Wpis z mikrobloga

Mirki z #katolicyzm wyjaśnijcie mi jak to jest, bo tak średnio ogarniam.
Jak chodziłem na religię to usilnie mi wpajano, że bóg jest wszędzie. W każdym zwierzęciu, roślinie, każdym z nas itd.
Czyli że no dosłownie jest wszędzie i nie tylko w "niebie".
Jaki jest zatem sens spowiedzi i pokuty, skoro odpowiadasz za czyny, jakby nie patrzeć - przed samym sobą i według mnie to żal do samego siebie i wyrzuty sumienia są o wiele gorsze niż odmówienie 10 zdrowasiek.
No właśnie, dlaczego ksiądz musi pośredniczyć przy spowiedzi pomiędzy grzesznikiem i bogiem? Skoro modły lecą bezpośrednio, to dlaczego spowiedź nie może być bezpośrednia? Skąd bierze się pokuta? W seminarium mają jakieś protipy jak to ustalać czy raczej według widzimisię spowiednika?
No i dlaczego jest takie ciśnienie na zdrowaśki? Jeszcze jak byłem młodszy, praktykowałem i nie myślałem do końca samodzielnie to chodziłem do spowiedzi. No spoko, potrafię docenić niektóre aspekty procesu, ale czemu nigdy żaden ksiądz nie powiedział mi "idź przeproś xyz" albo "pomóż zyx bo przez ciebie cierpiał"? Zawsze, dosłownie zawsze słyszałem 20x coś tam, 30x coś tam. No, rozumiem że w warunkach dobrej spowiedzi jest w ostatnim punkcie żeby zadośuczynić, ale jaki jest sens w mechanicznym dukaniu ustalonego tekstu, o którym swoją drogą nikt nigdy nie mówił skąd się wziął?

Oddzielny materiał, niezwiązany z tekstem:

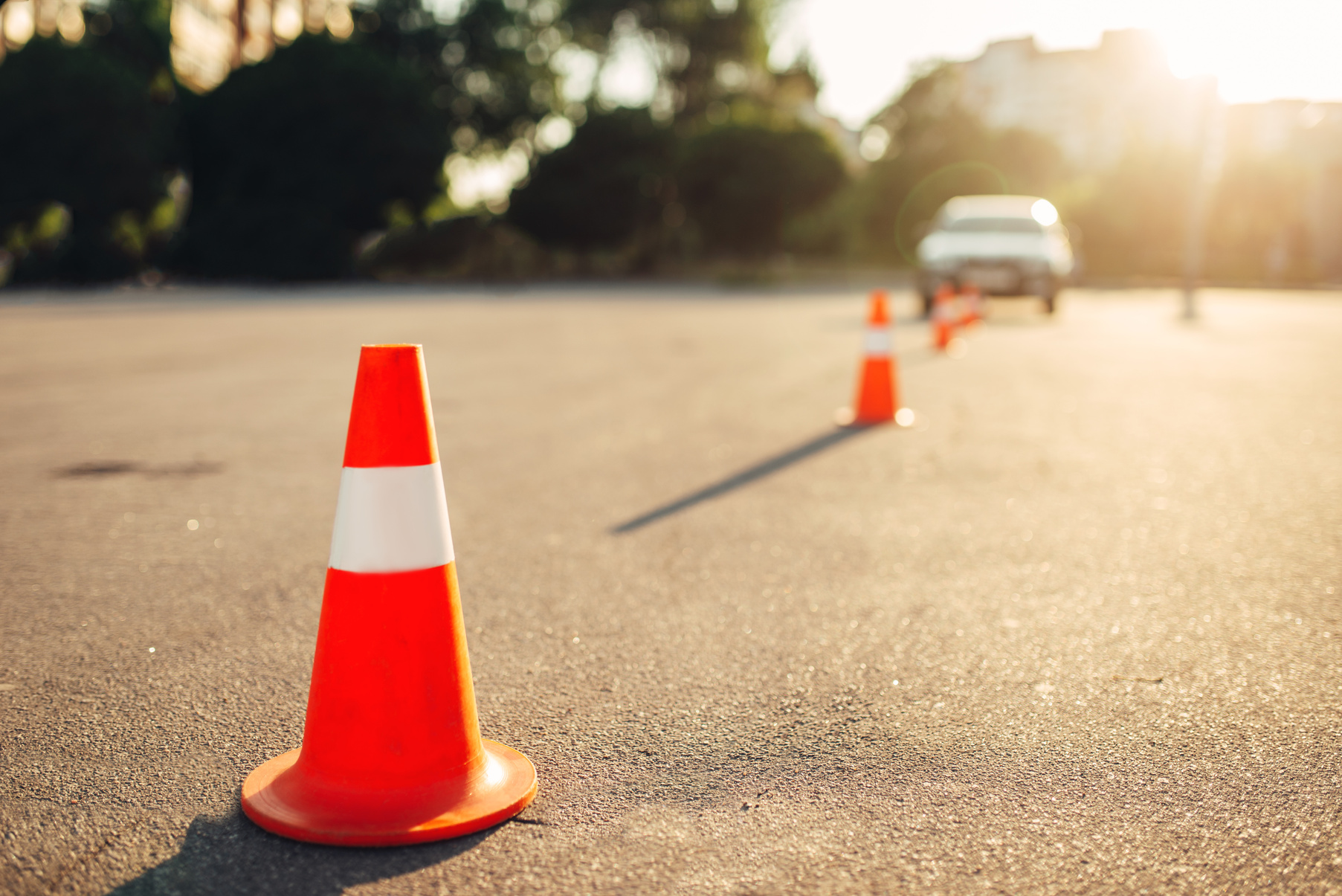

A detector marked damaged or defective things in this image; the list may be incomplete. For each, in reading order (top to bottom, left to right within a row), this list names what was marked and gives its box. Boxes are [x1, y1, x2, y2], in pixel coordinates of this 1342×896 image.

#katolicyzm #spowiedz #modlitwa taguję też #gimboateizm bo i tak by ktoś tu zaraz wrzucił.
  • 5
@Wyrewolwerowanyrewolwer: @Obstrukcja: Tak na mój chłopski rozum ksiądz kiedyś robił za takiego psychoterapeutę. Ot czasami musisz się wygadać z czegoś o czym nie powiesz żonie, matce, bratu, szlachcicowi bo głupio, wstyd albo gorzej. Zrzucasz coś z siebie a lepiej się zrzuca jeśli ktoś Ci powie "ok, spoko... Bóg Ci wybaczył" Przymusu nie ma, Bóg jest wszędzie, możemy sobie z nim gadać bezpośrednio ale niektórzy potrzebują namacalnego odpuszczenia win.